◆ What you need to do ◆
Each entry is to be given again exactly; drop the images.
Task inputs: Begin
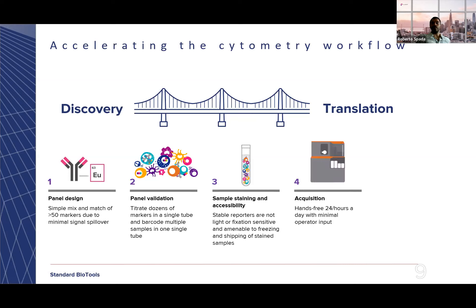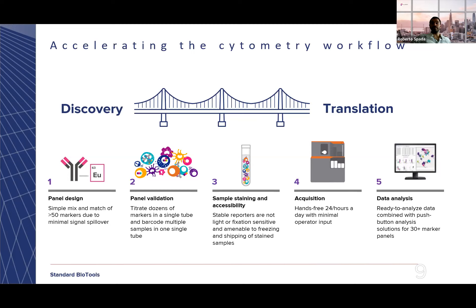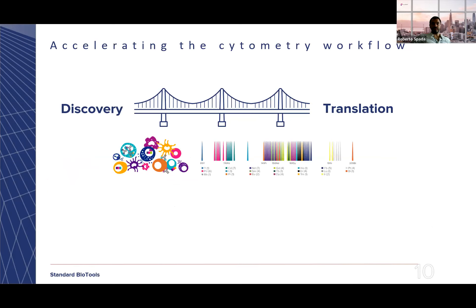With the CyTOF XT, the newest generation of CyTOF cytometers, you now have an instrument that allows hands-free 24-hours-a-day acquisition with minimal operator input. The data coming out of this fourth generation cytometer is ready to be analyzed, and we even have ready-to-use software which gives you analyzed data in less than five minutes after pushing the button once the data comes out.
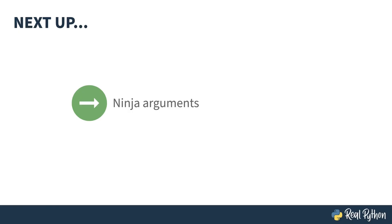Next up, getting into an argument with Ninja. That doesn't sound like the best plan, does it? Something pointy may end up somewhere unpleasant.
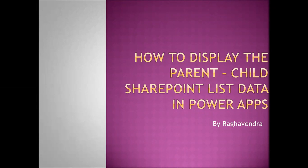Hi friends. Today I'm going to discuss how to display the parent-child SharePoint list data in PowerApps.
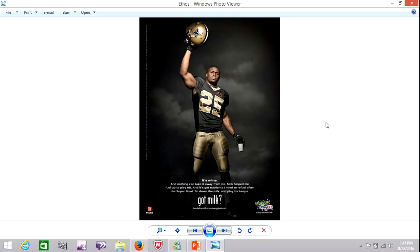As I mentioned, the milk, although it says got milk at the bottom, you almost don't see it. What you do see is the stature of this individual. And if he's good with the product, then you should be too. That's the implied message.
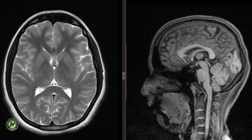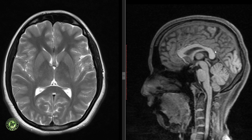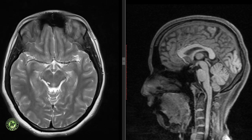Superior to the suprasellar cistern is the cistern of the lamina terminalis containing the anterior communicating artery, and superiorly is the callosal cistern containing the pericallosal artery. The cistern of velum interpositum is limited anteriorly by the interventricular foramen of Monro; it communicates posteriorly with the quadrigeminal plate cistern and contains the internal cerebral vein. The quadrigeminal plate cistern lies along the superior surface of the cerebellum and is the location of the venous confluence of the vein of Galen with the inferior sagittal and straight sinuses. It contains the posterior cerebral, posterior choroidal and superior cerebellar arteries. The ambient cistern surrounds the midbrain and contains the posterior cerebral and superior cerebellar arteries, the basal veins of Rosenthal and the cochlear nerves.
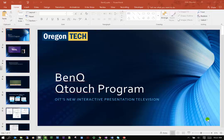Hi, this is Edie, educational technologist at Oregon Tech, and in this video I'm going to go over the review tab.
Task inputs: End
◆ Your response ◆
With the CyTOF XT, the newest generation of CyTOF cytometers, you now have an instrument that allows hands-free 24-hours-a-day acquisition with minimal operator input. The data coming out of this fourth generation cytometer is ready to be analyzed, and we even have ready-to-use software which gives you analyzed data in less than five minutes after pushing the button once the data comes out.
Next up, getting into an argument with Ninja. That doesn't sound like the best plan, does it? Something pointy may end up somewhere unpleasant.
Hi friends. Today I'm going to discuss how to display the parent-child SharePoint list data in PowerApps.
As I mentioned, the milk, although it says got milk at the bottom, you almost don't see it. What you do see is the stature of this individual. And if he's good with the product, then you should be too. That's the implied message.
Superior to the suprasellar cistern is the cistern of the lamina terminalis containing the anterior communicating artery, and superiorly is the callosal cistern containing the pericallosal artery. The cistern of velum interpositum is limited anteriorly by the interventricular foramen of Monro; it communicates posteriorly with the quadrigeminal plate cistern and contains the internal cerebral vein. The quadrigeminal plate cistern lies along the superior surface of the cerebellum and is the location of the venous confluence of the vein of Galen with the inferior sagittal and straight sinuses. It contains the posterior cerebral, posterior choroidal and superior cerebellar arteries. The ambient cistern surrounds the midbrain and contains the posterior cerebral and superior cerebellar arteries, the basal veins of Rosenthal and the cochlear nerves.
Hi, this is Edie, educational technologist at Oregon Tech, and in this video I'm going to go over the review tab.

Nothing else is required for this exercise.